Well 1 is correct, do you still want me to go into the other stuff anyway?
By the way i won't be back until tomorrow.


----------



## etaf (Oct 2, 2003)

if you can supply as much detail as possible - that would help


----------



## Masamune12003 (Aug 17, 2006)

Actually i just found out somethign new, if the encryption is taken off then i get connected fine, the problem now seems to be that i cannot get the router to allow me to use it while encrypted and there is no way for me to setup the adapter as far as i can see.
I am also now fully unable to access the router as the password has been changed.


----------



## Masamune12003 (Aug 17, 2006)

So what i really need is to find out how to set up the adapter, the utility doesn't let me so i'm not sure how.


----------



## etaf (Oct 2, 2003)

do you have a cordless phone ??
try changing the channels on the router 

use 1, 6 or 11 as they donrt overlap 

I have seen lots of issues with cordless phones and encryption - and changes channells usually works


----------



## TerryNet (Mar 23, 2005)

"So what i really need is to find out how to set up the adapter, the utility doesn't let me so i'm not sure how."

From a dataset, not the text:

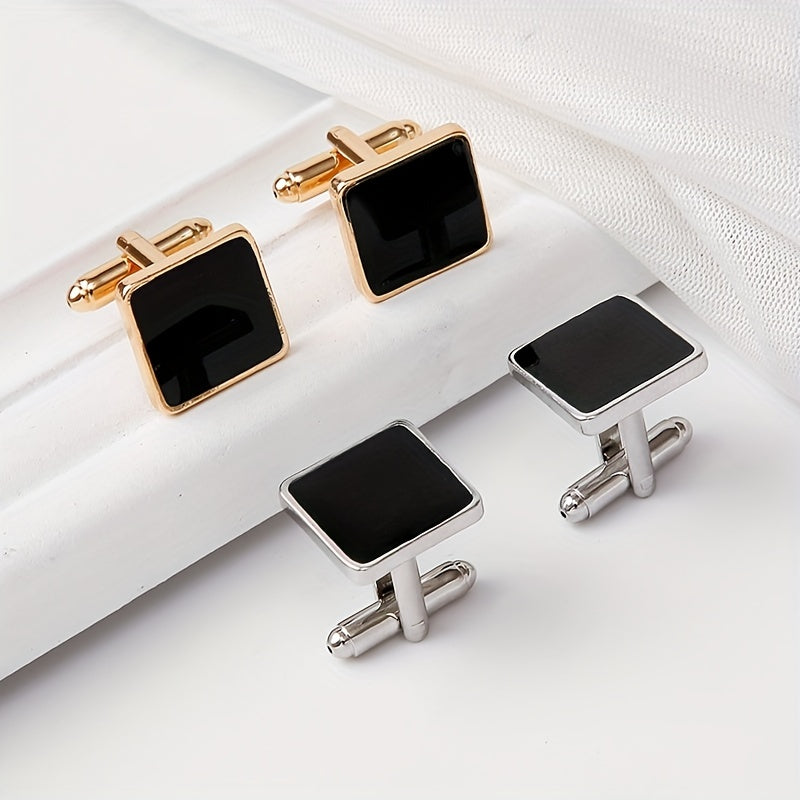Geometric Square Cufflinks for Men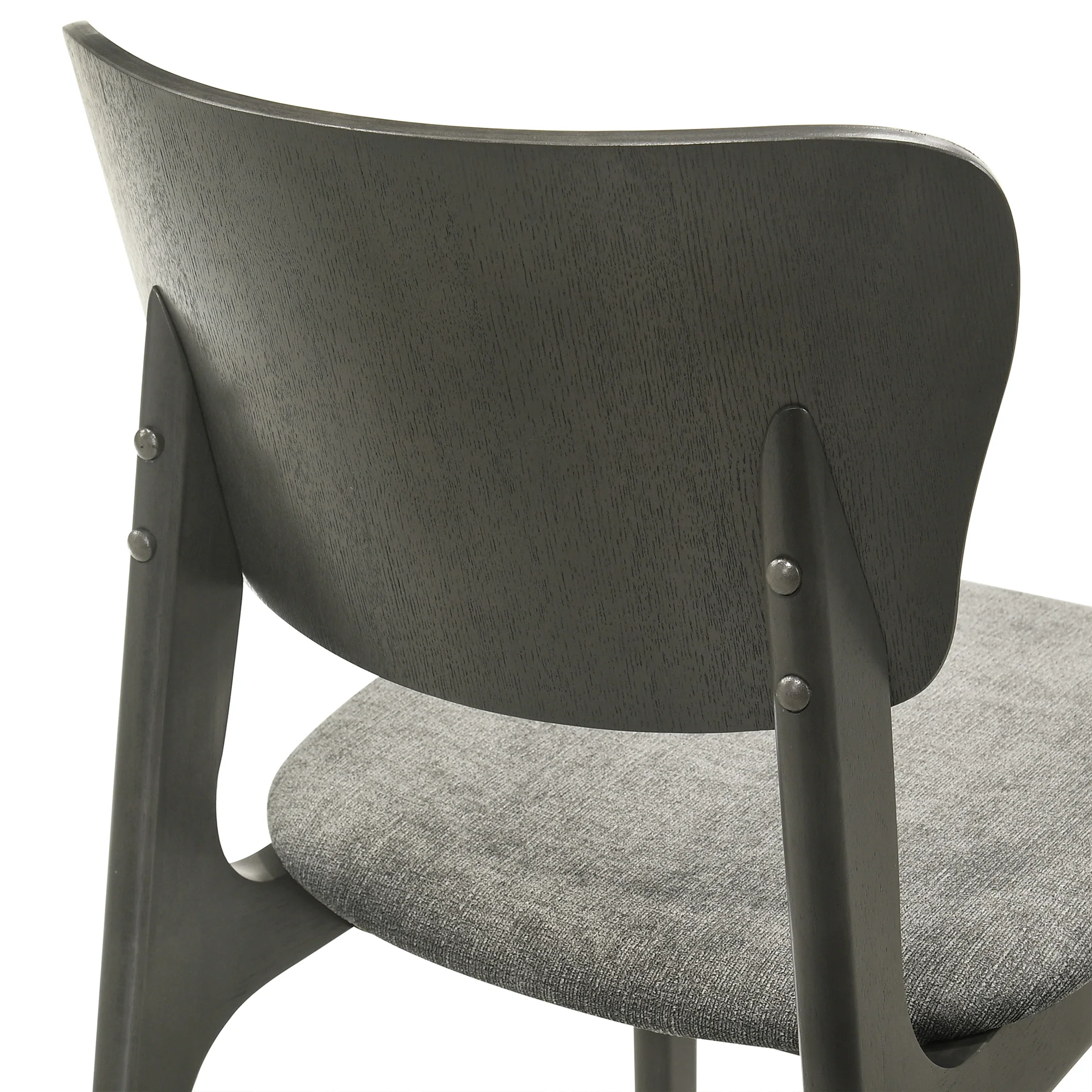 Kalia Wood Dining Chair in Gray Finish with Gray Fabric - Set of 2 By Armen Living - Image 7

What utility are you using?

If you remove your network's "profile" or "preferred network" from the utility and then try to connect, it should ask you for the Hex key or WPA passphrase.


----------



## Masamune12003 (Aug 17, 2006)

I'm going to update to windows XP tomorrow, I will re post when i have done this but i have been told that the Utility that comes with the adapter does not support WPA and that XP has it's own utility that does.
So i will repost and see if it works.


----------



## Masamune12003 (Aug 17, 2006)

Okay thanks for all your help guys!
It works fine on windows XP, it was the utility not supporting WPA security.


----------